(Captioned web image data)
^^^^^^^^
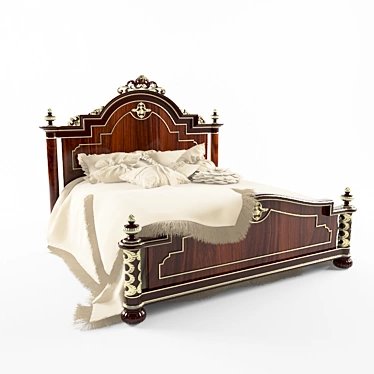 Riva Mobili Bed 3D model image 1 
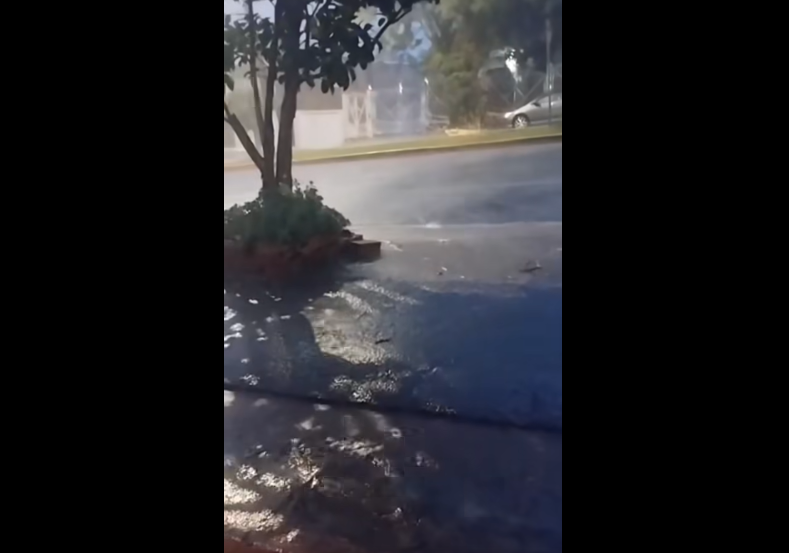 Chuva intensa marca a Segunda-Feira em São Jorge D’Oeste e registra volume expressivo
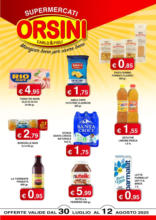 Offerte valide dal 30 luglio al 12 agosto 2025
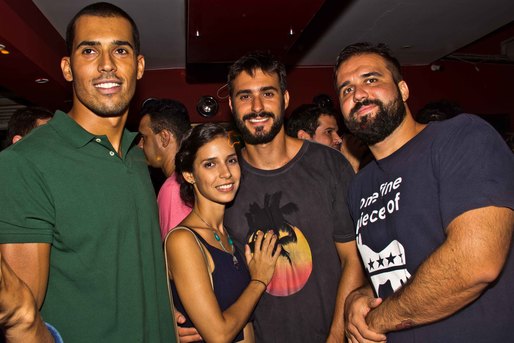 Rodrigo West, Candida Specht, Mateus e Daniel Requião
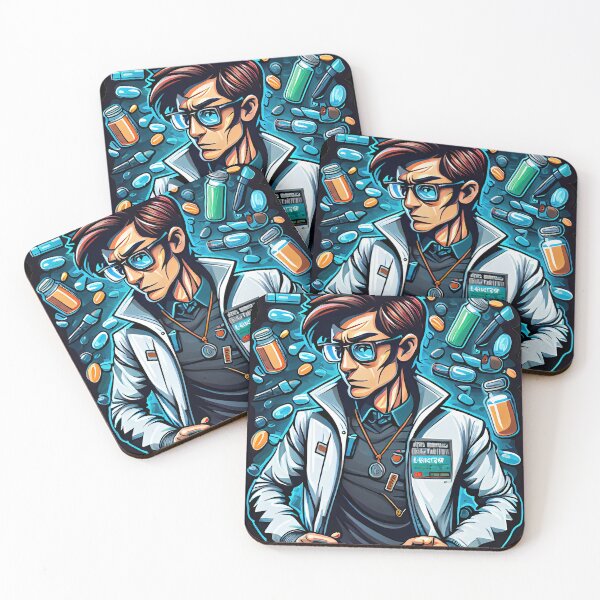 Item preview, Cool Cartoon crazy pharmacist designed and sold by Piotrek0001.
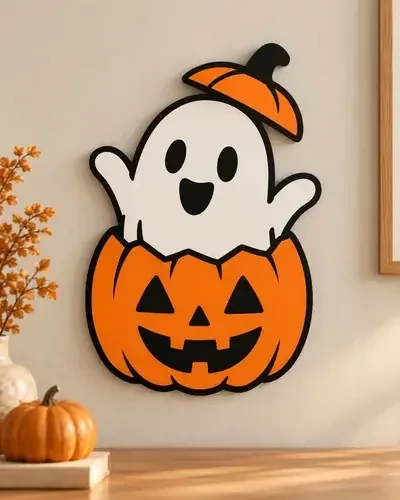 Fantasmas de Halloween para pared – Colección Boo!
^^^^^^^^
■ What is being asked
Excluding the pictures, restate word for word the lines from the one that holds "Offerte valide dal" through the last line of the entries, both ends included.

■ Response area
 Offerte valide dal 30 luglio al 12 agosto 2025
 Rodrigo West, Candida Specht, Mateus e Daniel Requião
 Item preview, Cool Cartoon crazy pharmacist designed and sold by Piotrek0001.
 Fantasmas de Halloween para pared – Colección Boo!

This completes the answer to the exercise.